Setelah masuk di daerah Jogja laju kendaraan mulai tersendat. Akhirnya, sampai waktu ashar tiba saya memutuskan untuk berhenti di pom bensin, mengisi bahan bakar dan membeli perbekalan. Tak butuh waktu lama untuk beristirahat, saya melanjutkan perjalanan. 

 

Saya baru menikmati jalan yang tidak terlalu macet setelah masuk ke jalan Imogiri – Panggang. Kala itu sudah masuk waktu maghrib. Saya tetap melanjutkan perjalanan, takut kemalaman sampai di daerah Paliyan nanti. Daerah Panggang dan Paliyan ini dulu sebenarnya adalah lokasi praktik lapangan sewaktu kuliah. Biasanya kami melakukan inventarisasi hutan di sana.

 

Menyetir pada jalur Imogiri – Panggang – Paliyan kala malam hari sedikit menyusahkan bagi Saya. Saya punya masalah mata silinder kanan dan kiri, maka ketika melewati jalan naik – turun lagi gelap akan gelagapan ketika berpapasan dengan mobil dari arah yang berlawanan. 

 

 

Tapi syukurlah, semua aman terkendali. Hingga masuk waktu isyak saya sampai di Desa Planjan, Kecamatan Paliyan. Menepi sejenak untuk sholat dan makan malam. Kebetulan depan masjid tempat beribadah ada penjual Mie Ayam dan Bakso. Bagi saya pecinta Mie Ayam ini adalah berkah. 

 

Karena cukup lapar, akhirnya saya pesan 1 mie ayam dan bakso kuah. Padahal sih ini kebiasaan kalau makan di tempat Mie Ayam dan Bakso, pasti selalu pesan dua menu ini sekaligus. Dan seperti teori sebelumnya, makan mie ayam dan bakso di sembarang tempat di Jogja itu gak akan pernah kecewa. Persentase untuk dapat makanan “zonk” itu kecil. Sama seperti warung mie ayam dan bakso antah berantah ini, mie ayamnya enak dan baksonya pun demikian. Untuk mie ayamnya sih bumbunya agak ke Wonogiri-Wonogirian. Klean deskripsikan sendirilah itu seperti apa cita rasa mie ayam Wonogiri. 

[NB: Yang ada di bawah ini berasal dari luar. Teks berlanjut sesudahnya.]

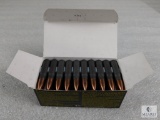 40 Rounds TulAmmo 7.62x39mm 122 Grain FMJ Steel Case Ammo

Semangkok, eh 2 mangkok mie ayam dan bakso

 

Selesai sholat dan makan, saya langsung tancap gas. Jarak tempuh dari tempat makan dan tujuan masih sekitar 30 menitan. Suasana sudah mulai sepi. Kendaraan sudah tidak banyak yang lalu lalang. 

 

Jalanan gelap dan sepi. Kanan kiri hutan. Jarak rumah penduduk sudah sangat jarang. Tapi inilah sensasi pergi sendiri. Banyak ngelamun eh kontemplasi pada diri sendiri. Ketika tidak ada orang lain dan hanya bisa mengandalkan diri sendiri. Cuma sesekali rasa was-was yang kadang bergelayut, bukan karena ancaman makhluk tak kasat mata, tapi justru makhluk kasat mata.  

 

Sekitar pukul 8, saya berhenti sejenak untuk mencari lokasi pantai lewat maps. Karena saya belum pernah ke sana, Saya percayakan petunjuk jalannya kepada google maps. Berhenti tepat di pertigaan, di bawah pohon beringin besar. Kala itu sudah hampir masuk jalan menuju ke pantai. Saya buka aplikasi peta. Memastikan bahwa saya tidak tersasar. 

 

Belum lama saya berhenti, tiba-tiba jalan terasa bergetar. Saya pikir ada truk lewat. Cuma setelah Saya tengok dari spion, tidak ada mobil satupun. Selang beberapa detik disusul getaran lebih kuat dan mobil mulai goyang. Saya pikir, saya sedang diganggu jin penunggu pohon. Saya pun cuek. Cuma sempat berpikir “inilah pertama kali saya diganggu jin secara langsung dan terang-terangan”. 

 

Setelah ketemu titik tujuannya, saya melanjutkan perjalanan. Beberapa menit kemudian sampai di depan pintu registrasi, tukang karcisnya bertanya “Mas, tadi kerasa gempa gak?”. Saya pun jawab dengan tertawa. Ya, ternyata itu gempa tepat tanggal 30 Juni 2023. Gempa yang berpusat di daerah Bantul. Gempa yang mengingatkan orang-orang akan peristiwa gempa besar yang pernah terjadi dan meluluh-lantahkan daerah Jogja terutama Bantul dan sekitarnya. Untungnya, gempa yang terakhir dampaknya tidak sekuat 2006.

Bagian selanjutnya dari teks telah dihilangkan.